__Work task__.
Print every entry word for word, but omit the pictures.

Supplied material below:

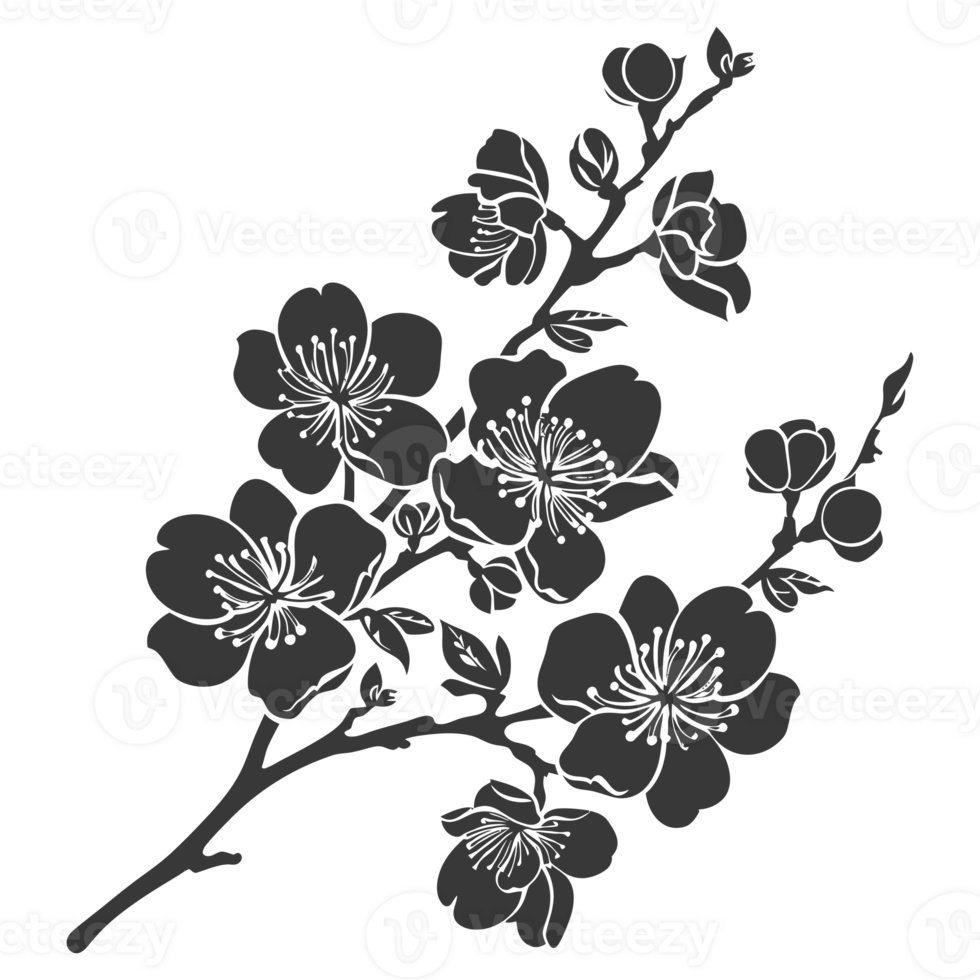 AI generated Silhouette Cherry blossoms or sakura flower black color only png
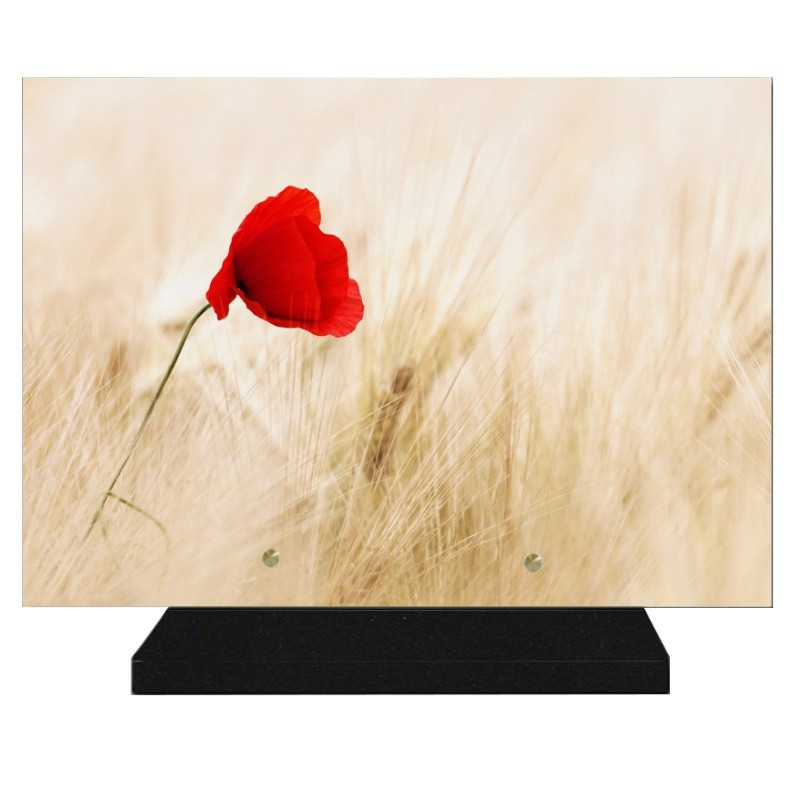 PLAQUE FUNÉRAIRE FLEURS COQUELICOT 25 cm X 35 cm FPF2090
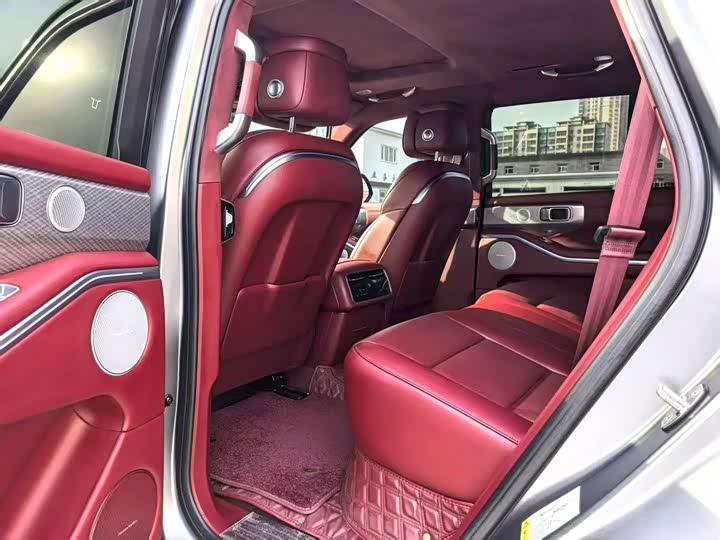 Tank 700 Hybrid 2024 2024款 Hi4-T 极境版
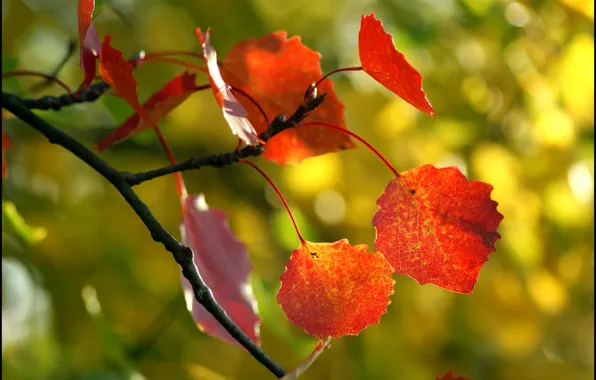 Autumn, leaves, macro, tree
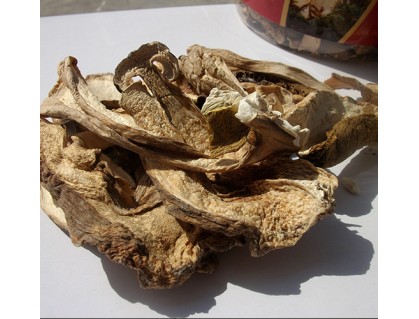 Wild Dried Boletus Gift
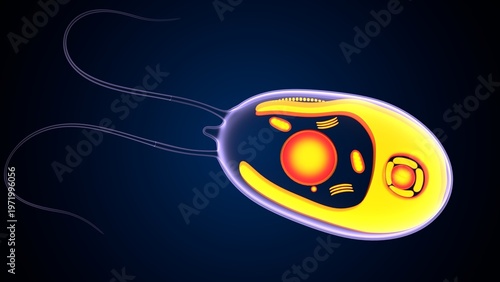 Chlamydomonas insect anatomy. 3d illustrations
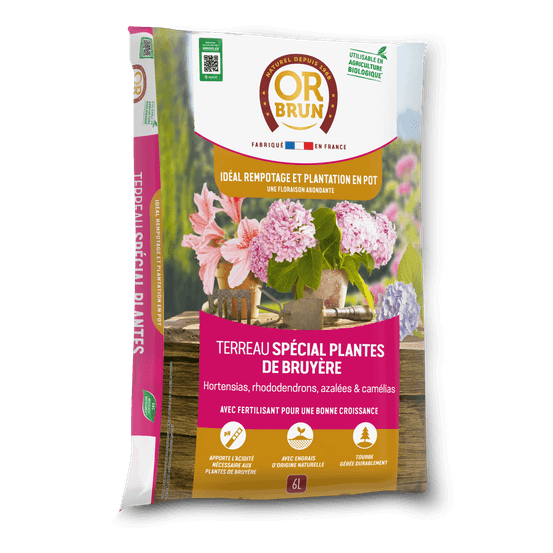 Or brun obrtbru6u - terreau spécial plantes de bruyère - 6l - meilleur enracinement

End of Supplied material.

__Completed exercise__.
 AI generated Silhouette Cherry blossoms or sakura flower black color only png
 PLAQUE FUNÉRAIRE FLEURS COQUELICOT 25 cm X 35 cm FPF2090
 Tank 700 Hybrid 2024 2024款 Hi4-T 极境版
 Autumn, leaves, macro, tree
 Wild Dried Boletus Gift
 Chlamydomonas insect anatomy. 3d illustrations
 Or brun obrtbru6u - terreau spécial plantes de bruyère - 6l - meilleur enracinement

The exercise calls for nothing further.